═════ MATERIAL SUPPLIED

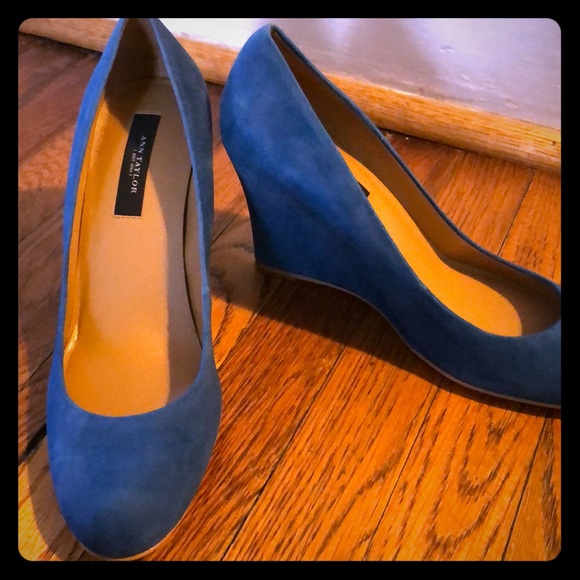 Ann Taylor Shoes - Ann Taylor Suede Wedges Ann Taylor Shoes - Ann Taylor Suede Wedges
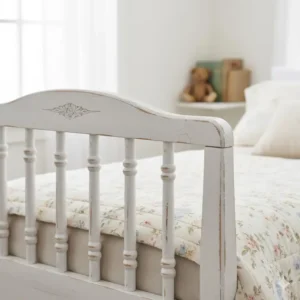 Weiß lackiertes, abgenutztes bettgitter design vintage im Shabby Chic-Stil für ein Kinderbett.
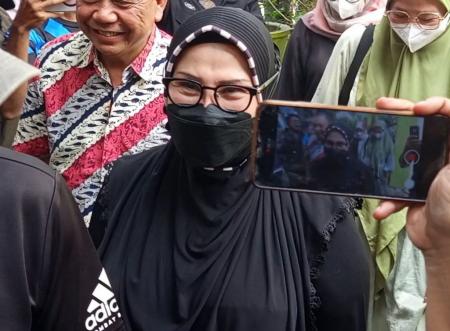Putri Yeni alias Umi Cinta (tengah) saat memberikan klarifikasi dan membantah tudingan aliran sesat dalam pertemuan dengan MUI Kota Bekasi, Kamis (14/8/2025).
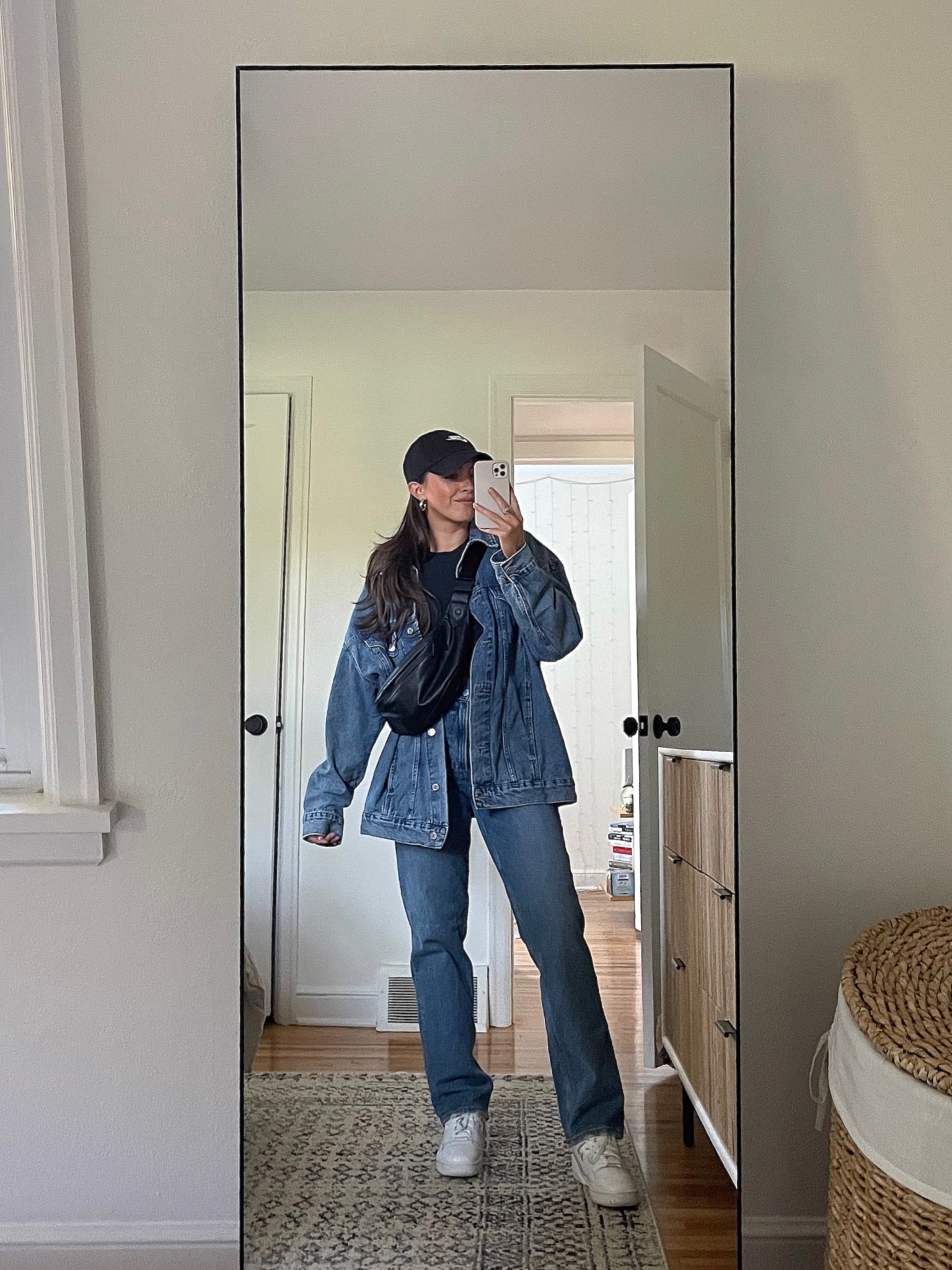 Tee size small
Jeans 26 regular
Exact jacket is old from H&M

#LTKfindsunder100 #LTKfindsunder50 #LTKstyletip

══════════

The records above are to be restated word for word, excluding all pictures.

 Ann Taylor Shoes - Ann Taylor Suede Wedges Ann Taylor Shoes - Ann Taylor Suede Wedges
 Weiß lackiertes, abgenutztes bettgitter design vintage im Shabby Chic-Stil für ein Kinderbett.
Putri Yeni alias Umi Cinta (tengah) saat memberikan klarifikasi dan membantah tudingan aliran sesat dalam pertemuan dengan MUI Kota Bekasi, Kamis (14/8/2025).
 Tee size small
Jeans 26 regular
Exact jacket is old from H&M

#LTKfindsunder100 #LTKfindsunder50 #LTKstyletip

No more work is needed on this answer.